# EXCERPTED RECORDS

========

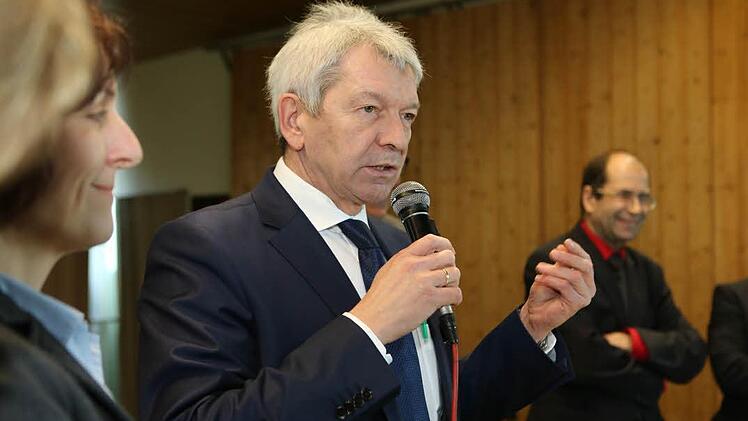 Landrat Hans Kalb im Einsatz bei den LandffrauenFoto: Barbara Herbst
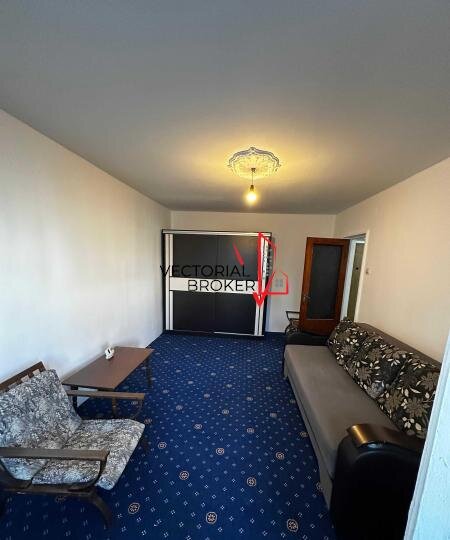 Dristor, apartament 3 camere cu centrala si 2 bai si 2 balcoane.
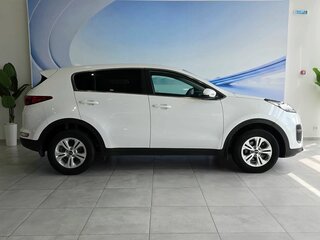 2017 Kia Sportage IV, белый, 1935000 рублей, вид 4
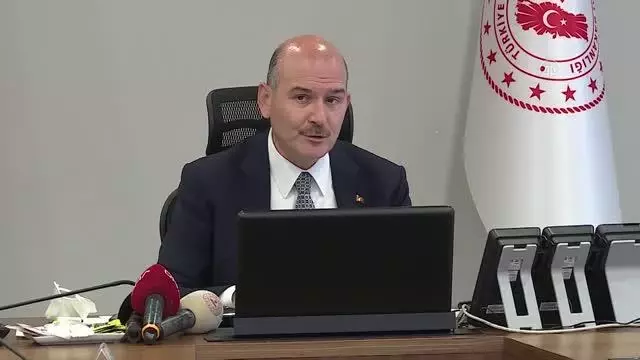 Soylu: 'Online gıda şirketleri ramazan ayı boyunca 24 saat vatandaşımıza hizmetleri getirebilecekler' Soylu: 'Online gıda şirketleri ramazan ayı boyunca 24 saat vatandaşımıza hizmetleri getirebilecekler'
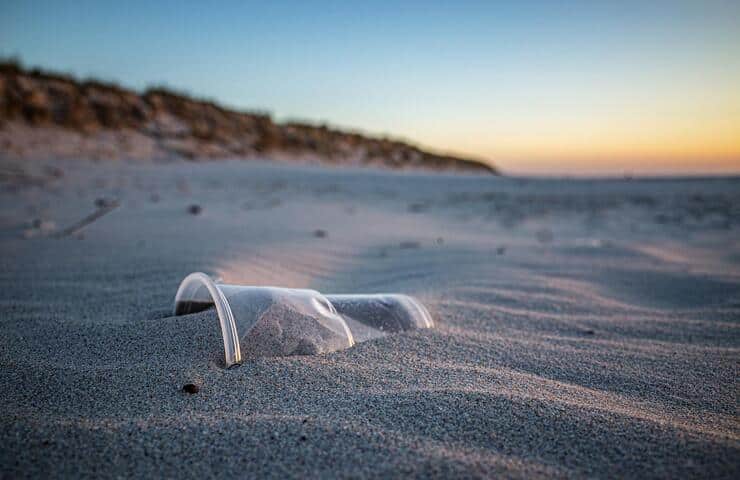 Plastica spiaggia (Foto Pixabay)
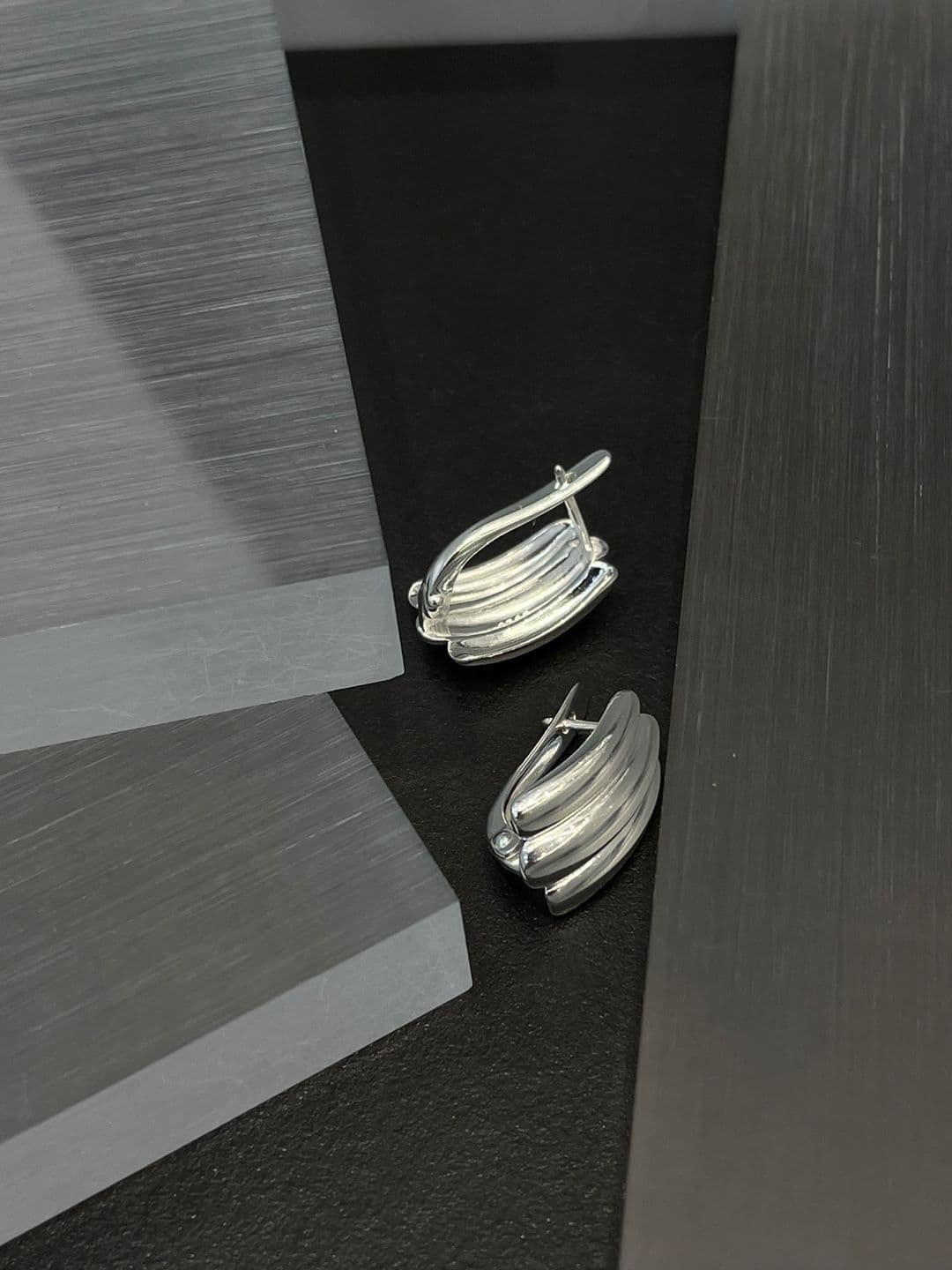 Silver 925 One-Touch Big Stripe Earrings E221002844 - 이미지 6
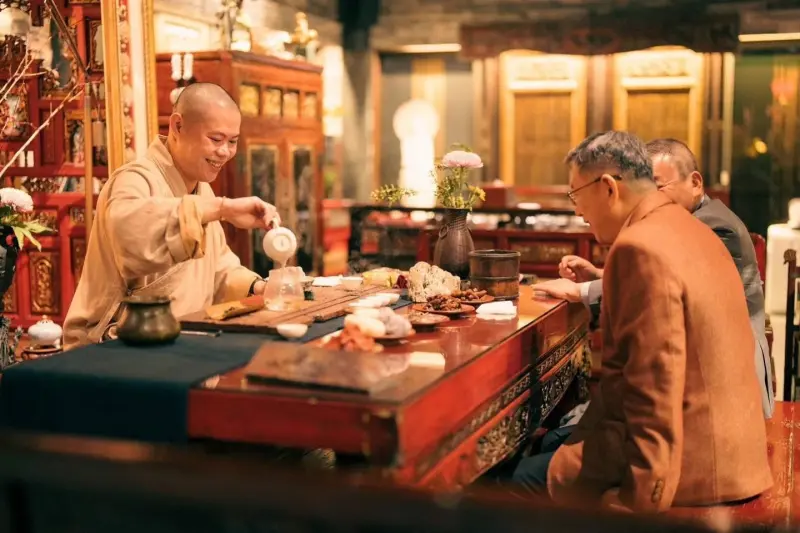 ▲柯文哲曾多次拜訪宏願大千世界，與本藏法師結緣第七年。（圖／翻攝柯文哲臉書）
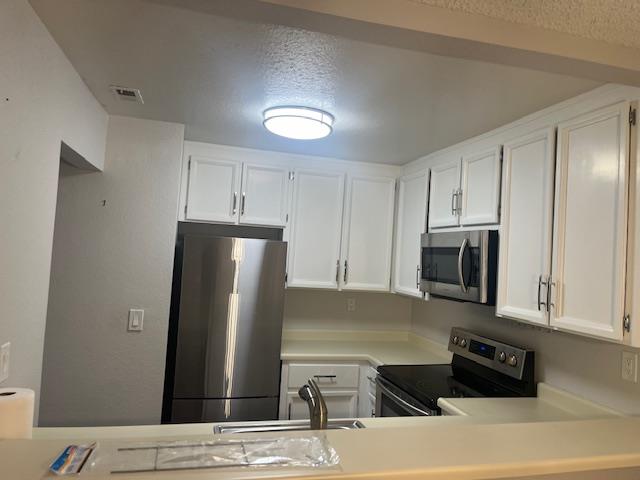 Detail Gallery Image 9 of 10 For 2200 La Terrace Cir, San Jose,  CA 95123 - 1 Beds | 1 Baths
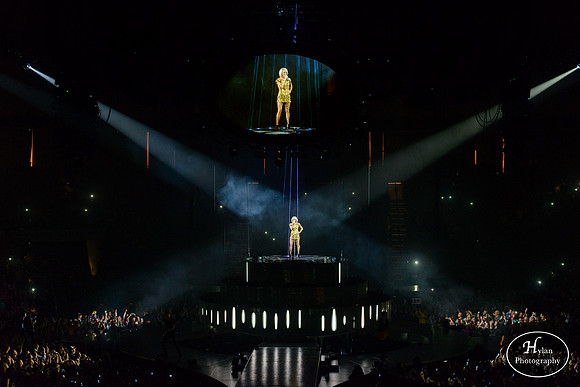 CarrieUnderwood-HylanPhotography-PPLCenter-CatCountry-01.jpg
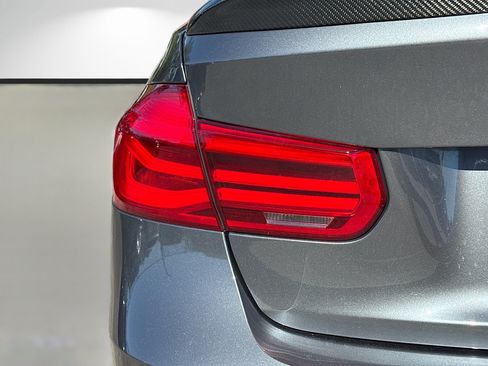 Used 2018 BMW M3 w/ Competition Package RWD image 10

========

# AIM OF THE EXERCISE
Everything above except the pictures needs to be reproduced exactly.

# ANSWER AREA
 Landrat Hans Kalb im Einsatz bei den LandffrauenFoto: Barbara Herbst
 Dristor, apartament 3 camere cu centrala si 2 bai si 2 balcoane.
 2017 Kia Sportage IV, белый, 1935000 рублей, вид 4
 Soylu: 'Online gıda şirketleri ramazan ayı boyunca 24 saat vatandaşımıza hizmetleri getirebilecekler' Soylu: 'Online gıda şirketleri ramazan ayı boyunca 24 saat vatandaşımıza hizmetleri getirebilecekler'
 Plastica spiaggia (Foto Pixabay)
 Silver 925 One-Touch Big Stripe Earrings E221002844 - 이미지 6
 ▲柯文哲曾多次拜訪宏願大千世界，與本藏法師結緣第七年。（圖／翻攝柯文哲臉書）
 Detail Gallery Image 9 of 10 For 2200 La Terrace Cir, San Jose,  CA 95123 - 1 Beds | 1 Baths
 CarrieUnderwood-HylanPhotography-PPLCenter-CatCountry-01.jpg
 Used 2018 BMW M3 w/ Competition Package RWD image 10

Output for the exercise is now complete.